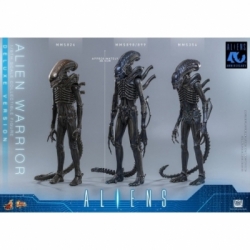 Alien Warrior Deluxe par Hot Toys - MMS899 - figurine 1/6 Aliens de 39 cm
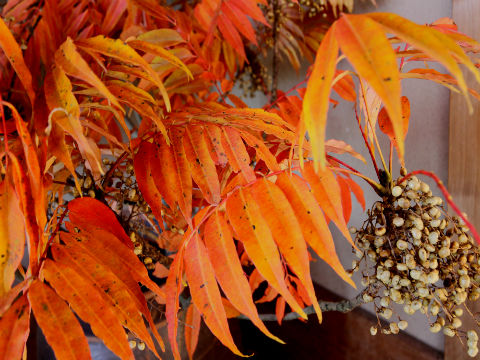 橙色に紅葉するハゼの木 四季のmyガーデン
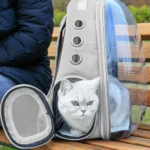 【Breeins】Transparent Capsule Pet Travel Backpack Cats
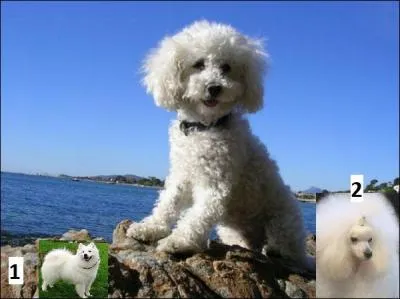 J'ai passé une formidable journée, et j'ai pu faire apprécier mon caractère malicieux, mais rigole pas ! C'est pas ma mère, ------- ! C'est la beauté ------.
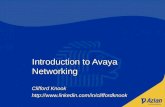 Introduction to Avaya IP Networking - Azlan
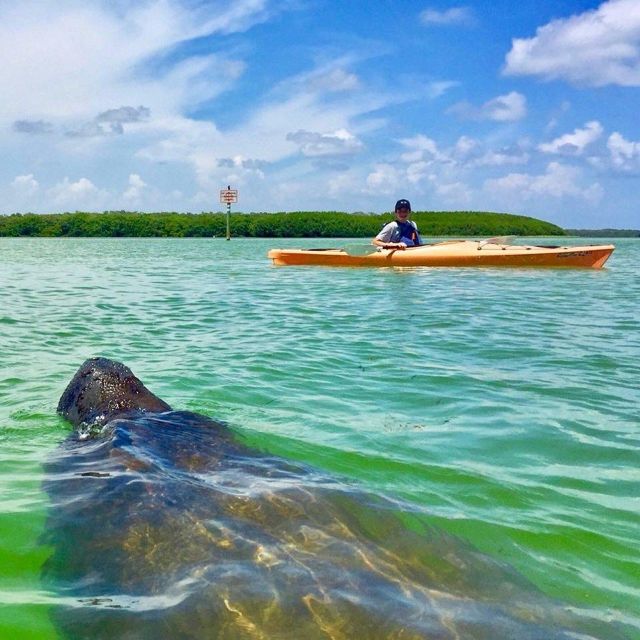 St Pete & St Pete Beach: Coastal Kayak Charters - Inclusions and Restrictions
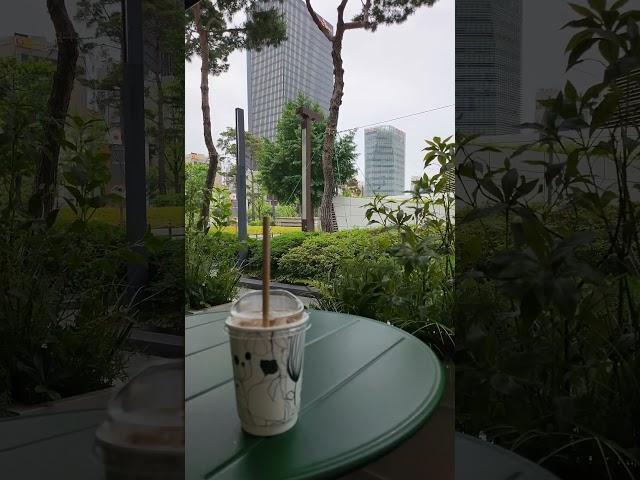 밀크티 타임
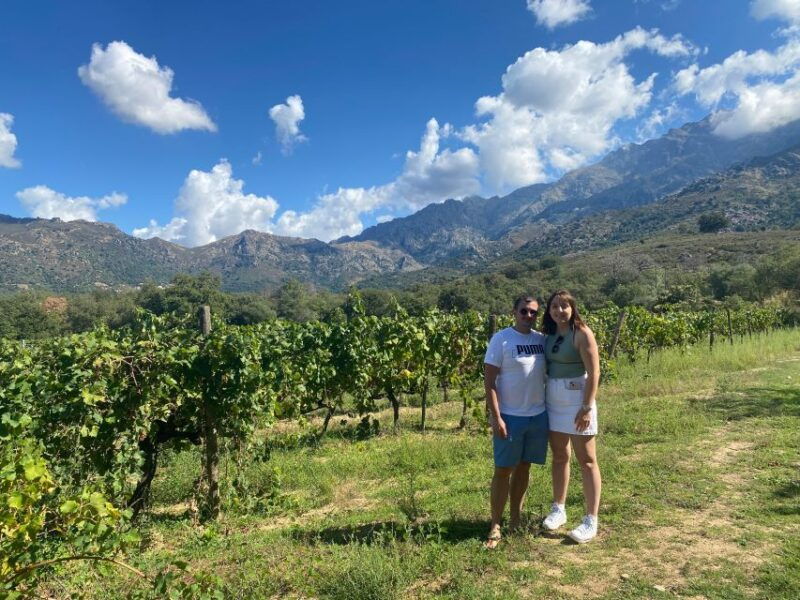 private-wine-tour-around-ile-rousse-calvi-with-transport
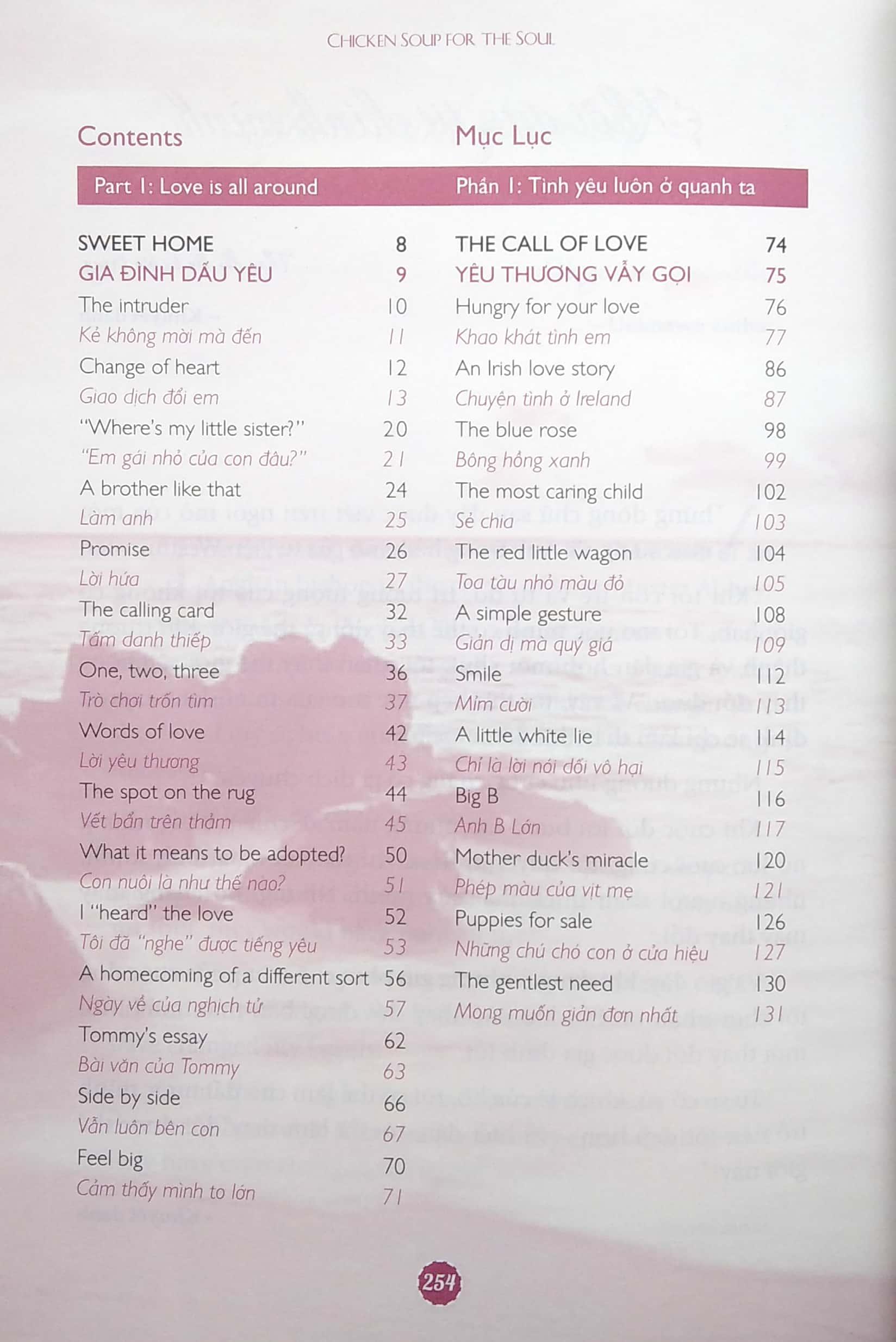 The Best Of Chicken Soup For The Soul - Tuyển Tập Những Câu Chuyện Hay Nhất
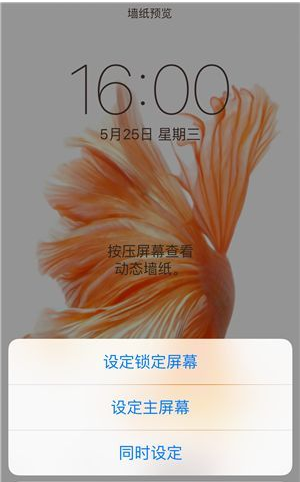 苹果6s3d touch 设置动态屏保怎么设置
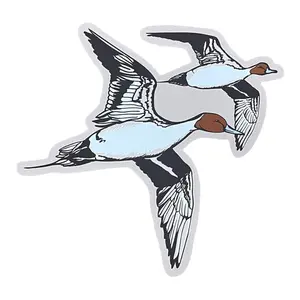Banking Pintail Decal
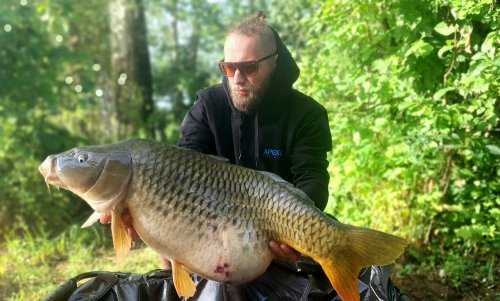 Boilies Duplex - Monster crab / Krill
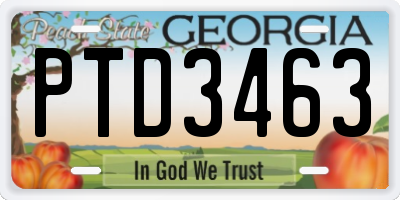 GA license plate PTD3463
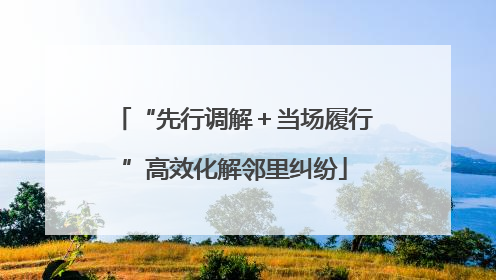 “先行调解＋当场履行”高效化解邻里纠纷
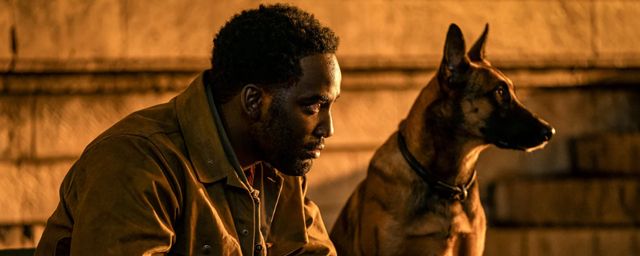 Shamier Anderson dans 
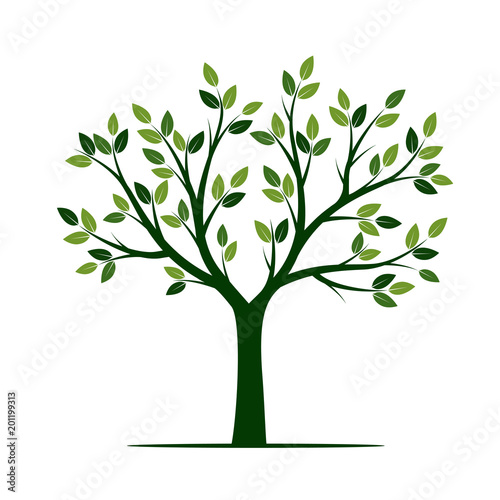 Green Tree. Vector Illustration.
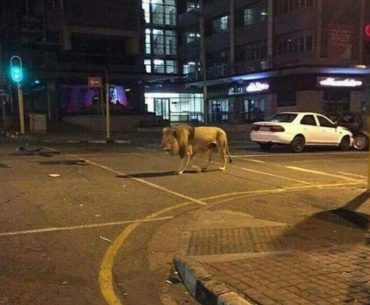 Fotoğrafın Rusya'nın Karantinada Sokağa Çıkılmasını Engellemek İçin Sokağa Saldığı Aslan Olduğu İddiası Asılsız
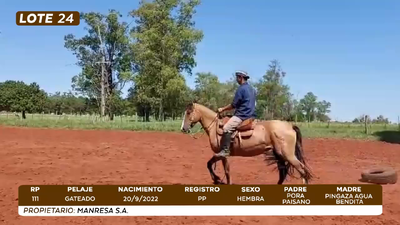 Lote LOTE 24- CAMPO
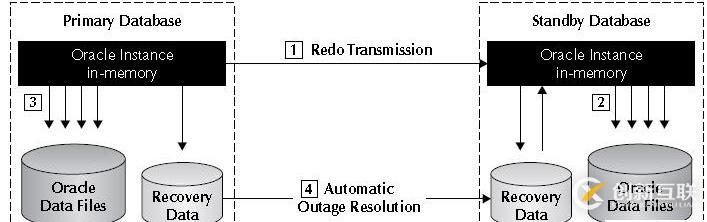 Oracle学习之DATAGUARD(一) DG架构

..........

EXERCISE INSTRUCTIONS –
Pictures excluded, copy the lines exactly from where the material starts to the line with "Banking Pintail Decal", inclusive.

SOLVED EXERCISE –
 Alien Warrior Deluxe par Hot Toys - MMS899 - figurine 1/6 Aliens de 39 cm
 橙色に紅葉するハゼの木 四季のmyガーデン
 【Breeins】Transparent Capsule Pet Travel Backpack Cats
 J'ai passé une formidable journée, et j'ai pu faire apprécier mon caractère malicieux, mais rigole pas ! C'est pas ma mère, ------- ! C'est la beauté ------.
 Introduction to Avaya IP Networking - Azlan
 St Pete & St Pete Beach: Coastal Kayak Charters - Inclusions and Restrictions
 밀크티 타임
 private-wine-tour-around-ile-rousse-calvi-with-transport
 The Best Of Chicken Soup For The Soul - Tuyển Tập Những Câu Chuyện Hay Nhất
 苹果6s3d touch 设置动态屏保怎么设置
Banking Pintail Decal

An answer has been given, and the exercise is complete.